A plaque stands in the courtyard of the District Court in Lancut. Nameless. It commemorates the victims of genocide planned by the German occupier. Aniela Nizioł was shot in this very courtyard in 1942. The resident of Łańcut was 53 years old at the time.

A few days earlier, Józef Głowniak, Mr. and Mrs. Niziołów’s roommate and a Blue Police officer, had brought Kalman Wolkenfeld’s family of three – the owner of the local restaurant until the war broke out – to their flat. Everyone in Łańcut probably knew him.

– Will we be able to keep them? – asked Glowniak in a concerned voice. Aniela looked at her husband Michał inquisitively, and the man returned the look. – Why shouldn’t we be able to cope? We are not going to leave a family with a child to die for sure,” answered the man. The Jews breathed a sigh of relief. But not for long…

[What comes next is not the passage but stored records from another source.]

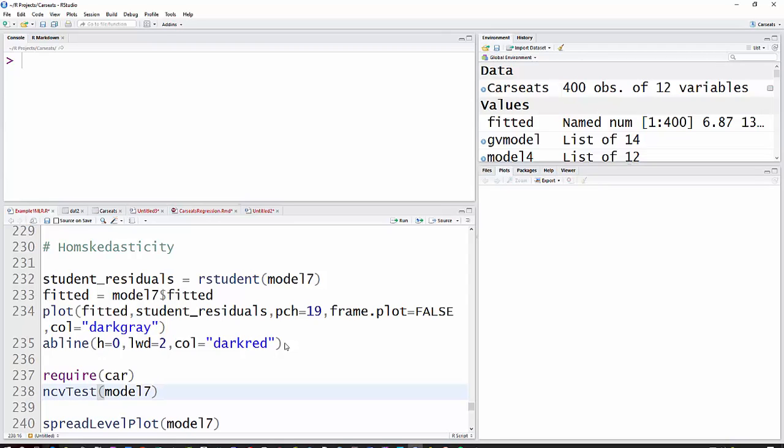Okay, now we will turn to the assumption of homoscedasticity, which means that you have equal variance along the whole range of the model.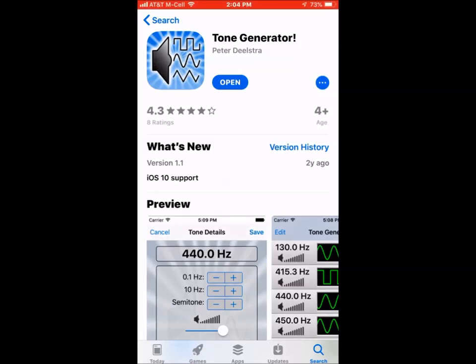If you have an iPhone and you want to do some audio testing, you ought to get on the App Store and get a hold of this program right here called Tone Generator. Let me show you how it works.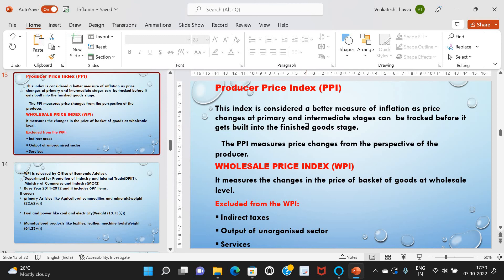WPI does not include taxes in order to remove the impact of fiscal policy, making it a more accurate measurement. It also excludes output of the unorganized sector — a sector not governed by rules and regulations laid down by the government regarding conditions of employment, such as provident funds, paid leaves, holiday benefits, and medical benefits. Services are also excluded from WPI, as services are not traded in wholesale markets, so WPI data does not include inflation due to services.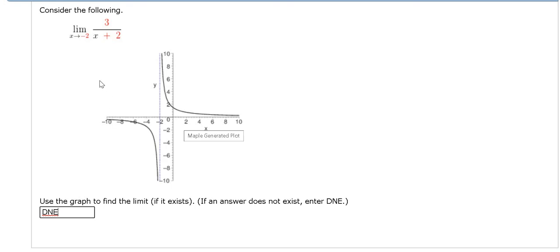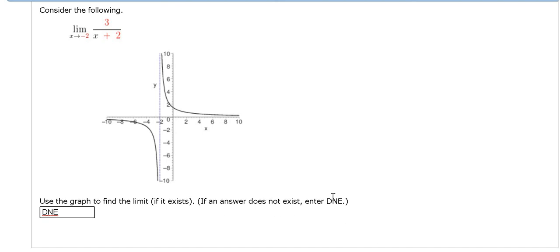Just as a side note, let's say we would have gotten infinity from both directions. Then the answer is technically infinity. However, whenever you get infinity, it doesn't mean that the limit exists. So in this problem, because it says enter DNE, we would still enter DNE.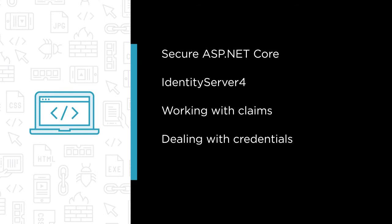But we won't stop there. We'll cover dealing with credentials, including custom user stores, Windows credentials and integrating with social providers like Facebook. You'll also learn how to implement two-factor authentication.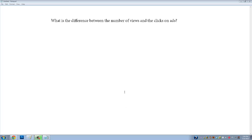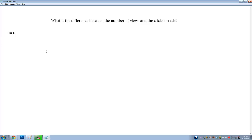Hello guys, good morning. This is the question of the week. Someone asked me: what's the difference between the number of views and the clicks on ads? For example, if you have 1000 views, you don't know how many clicks you have.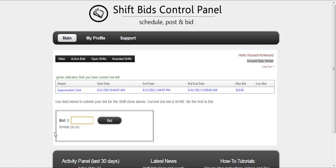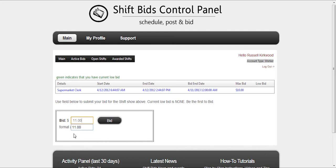You could bid above the max bid. You may not get the shift, but you can certainly do that. You click the bid button, it'll ask you to confirm, and at that point you'll go ahead and submit your bid and your bid will be submitted. Thank you.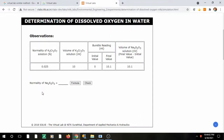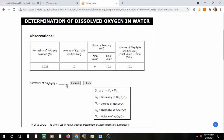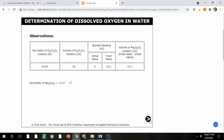The question asks what color the solution turns — the correct answer is colorless. The final burette reading is 10.1. Record this reading and perform the calculations using the formula N₁V₁ = N₂V₂. Calculate: N₁ = 0.025, multiply by 10, divide by 10.1, and you get 0.0247. That is correct. Standardization of sodium thiosulfate is now complete.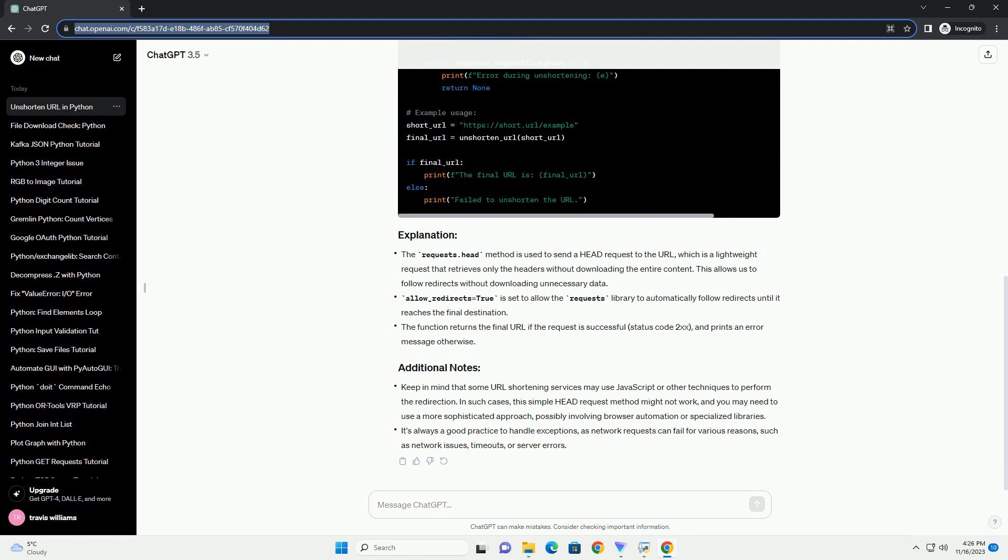It's always a good practice to handle exceptions, as network requests can fail for various reasons, such as network issues, timeouts, or server errors.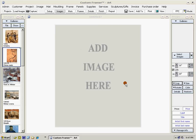Welcome to our series of videos on picture framing. In this video we'll try to take you through your first framing project using custom framer software.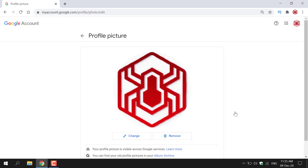Once you've done that, you'll be taken to the Profile Picture page. Here you'll be able to see your profile picture and you'll have two options. The first option is to change and the second option is to remove. For this video, we're going to be going with Remove, so left click on Remove.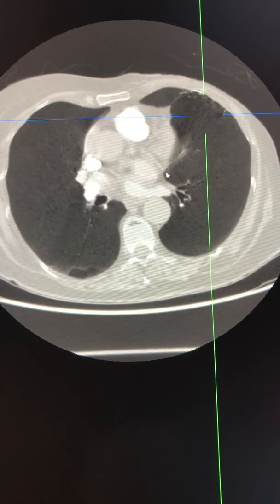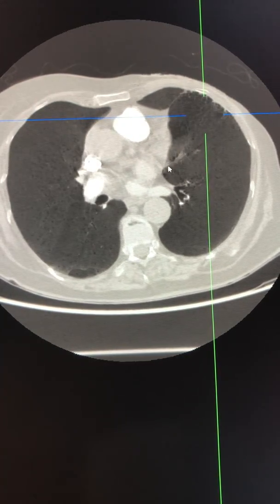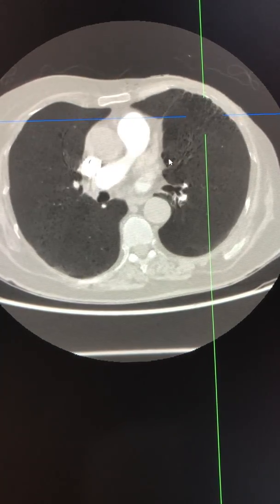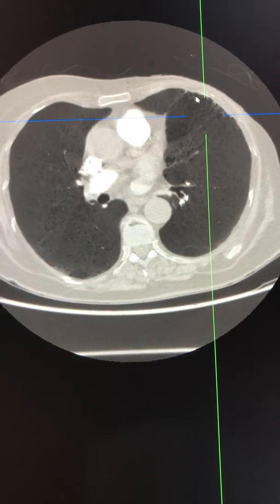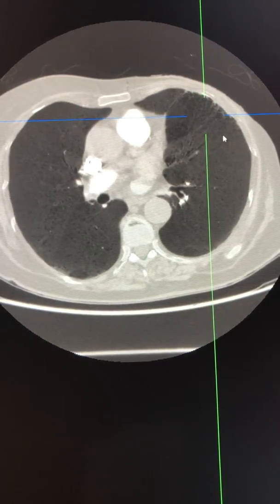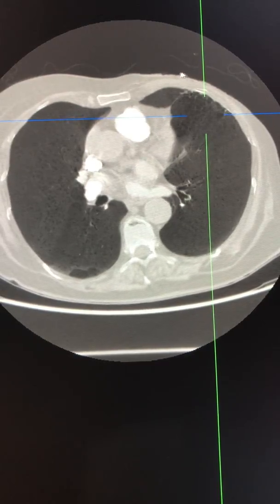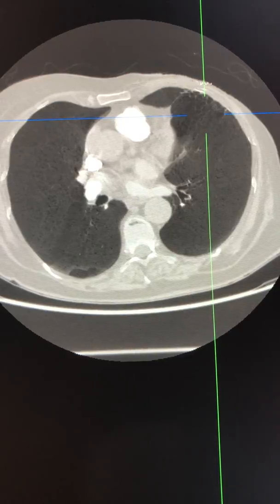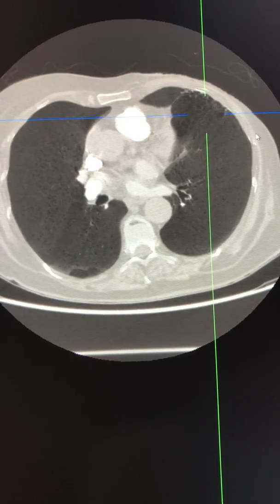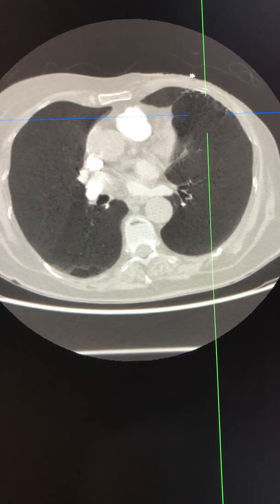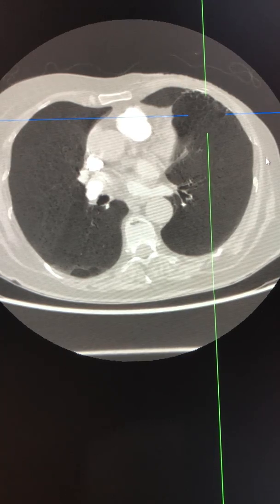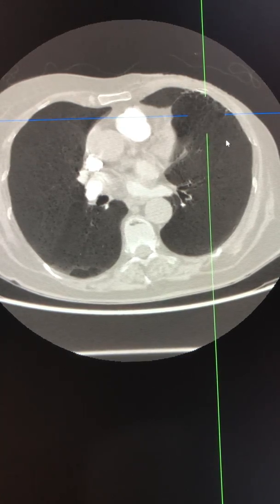If you look closely, these are accompanied by areas of scarring, and also a rather thin chest wall and skin irregularity with absence of the breast contour.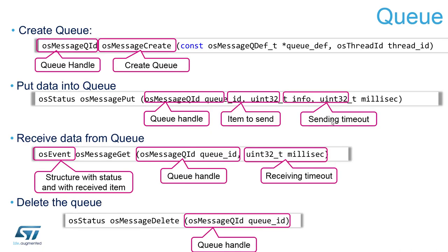A queue can be created with os_message_create using a message queue definition, which must be made prior to calling the create function. It can optionally be allocated to a specific thread, but normally null is passed there. You put data into the queue with os_message_put, providing the queue ID, the number to send, and a timeout.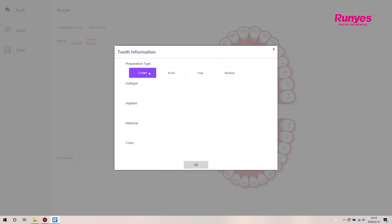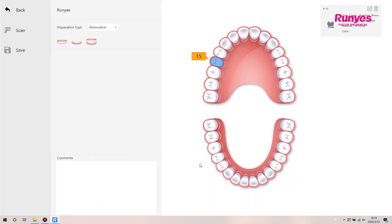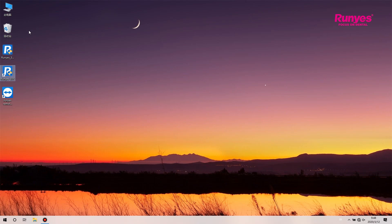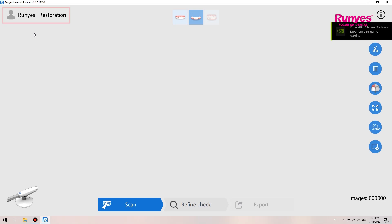Users can select tooth positions and fill in all the tooth information according to the patient's situation. Click scan to enter the scanning interface. Here is the patient name and method of the current scan, as well as the scanning process.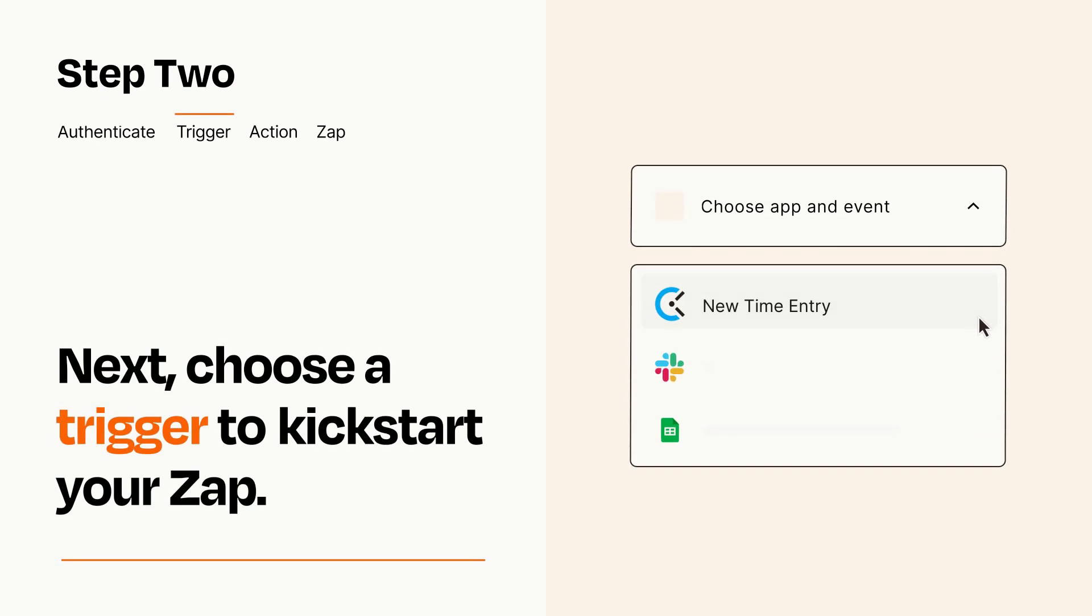Now let's set up your trigger, which is the event that starts your Zap. Pick the trigger event that you want from the list.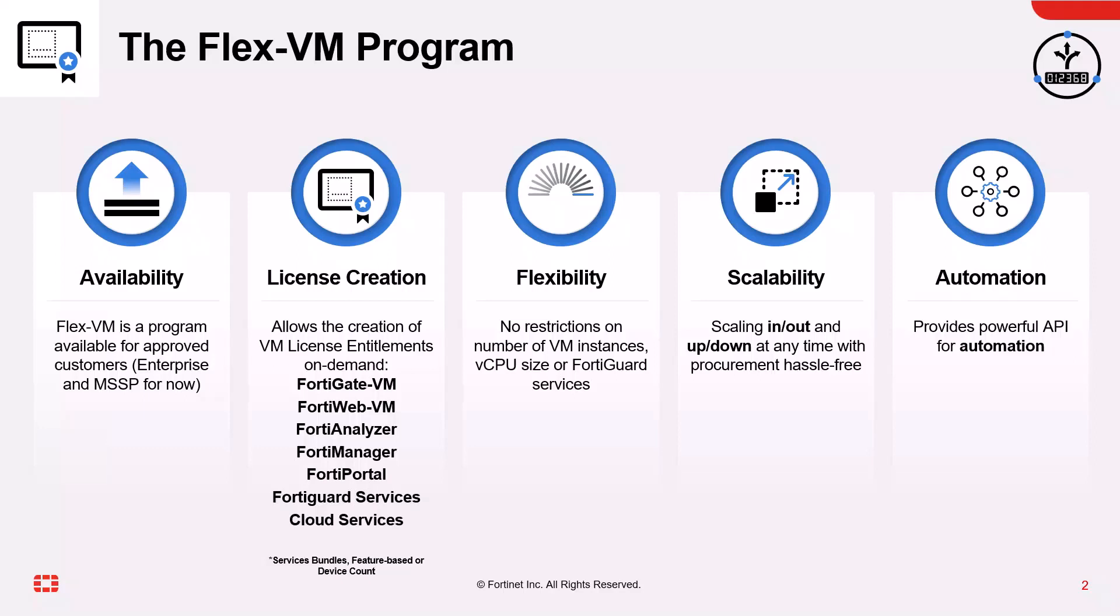Licenses are based on virtual appliance CPU size, virtual appliance count, the number of VDOMs, or feature licenses which are charged based on a per point basis.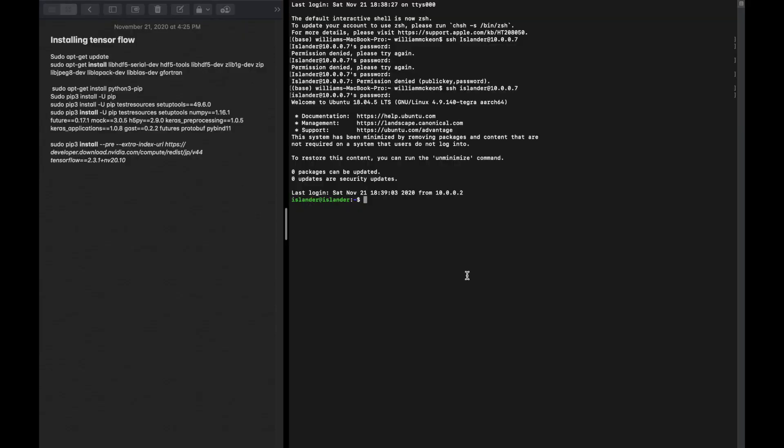All right, so here we are. My preferred way to communicate with my Jetson Nano is to open an SSH tunnel into my Jetson Nano, which is what we have right here.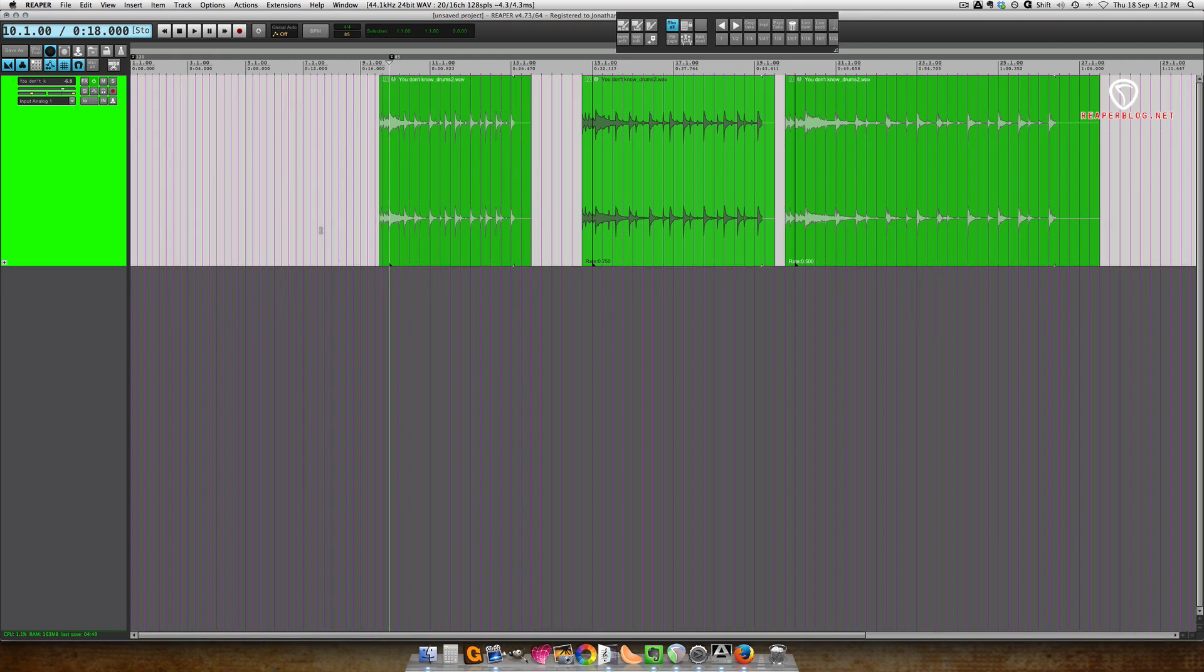In this session I have a little clip of some drums that came out of Easy Drummer 2. I'll play the clip without any stretching.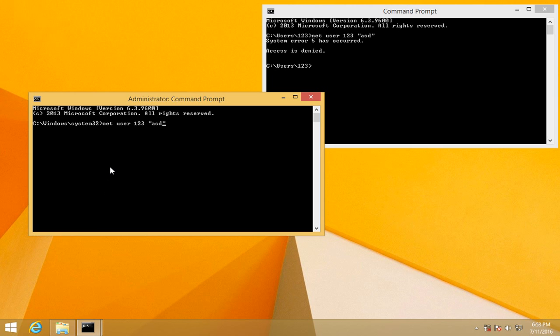password, and press enter. This time the command completed successfully. Before it was 'access is denied', but that's because this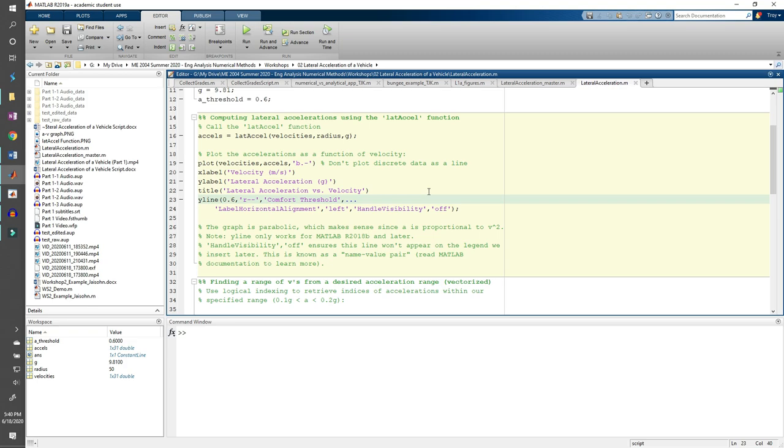Like I just said, you can use logical indexing every time you are subjecting a vector or matrix to a condition. In this case, we want to find the speeds which induce a lateral acceleration between 0.1g and 0.2g. To actually solve this problem in MATLAB, we should work backwards. We should see which accelerations are between 0.1g and 0.2g, then find the corresponding speeds.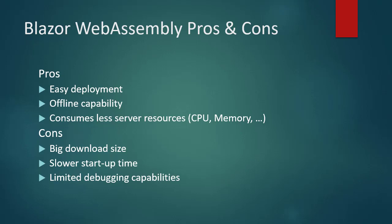Limited debugging capabilities. Currently, WebAssembly support for debugging is limited. Limited to modern browsers. Only modern web browsers support WebAssembly.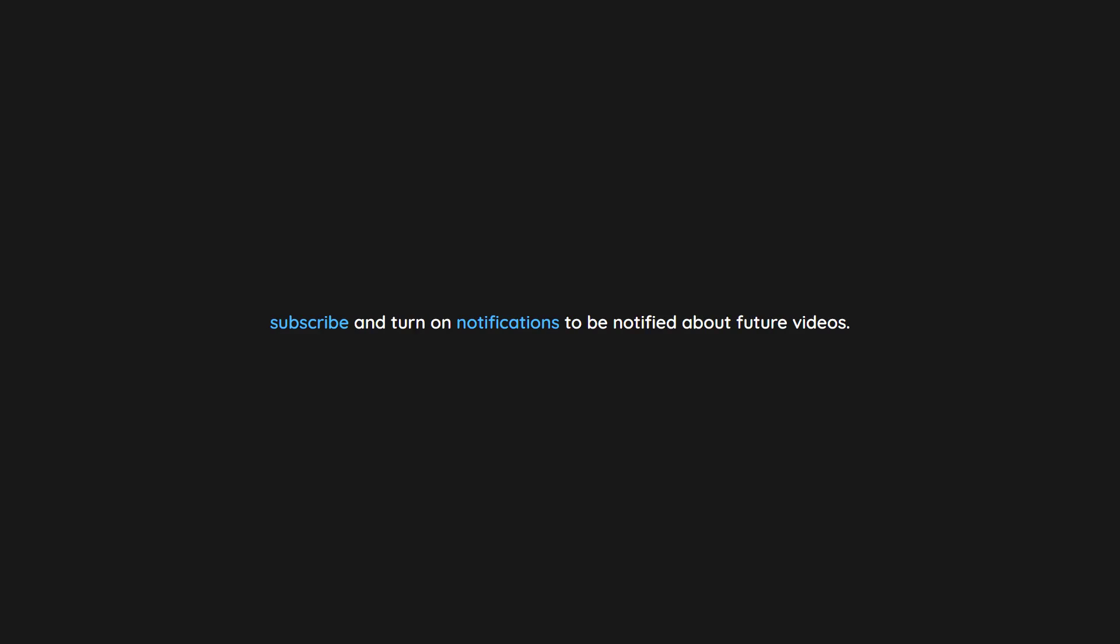Thank you for watching. If you enjoyed this video don't forget to drop a like. If you would like to see more content like this in the future, subscribe and turn on notifications to be notified about future videos. Now check out one of these interesting videos.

– It was Krause. His name was Feliks. And it was him who denounced us at the police station – said later the widowed Michał Nizioł, who had to hide until the end of the occupation. – They came when I was not at home. Only Aniela was there. They found the Jews right away. They took them out in front of the house and, sure enough, they shot them. They shot them. They took Aniela to the station. Somehow, by some miracle, they released her, and she – Michał swallowed his saliva, and tears came to his eyes – returned to the flat… The neighbours begged, pleaded: „Aniela, get away from here or they’ll come for you, you’ll see”. But she stayed. The next day the Germans actually came. And that was the end. Józef Kokot shot her.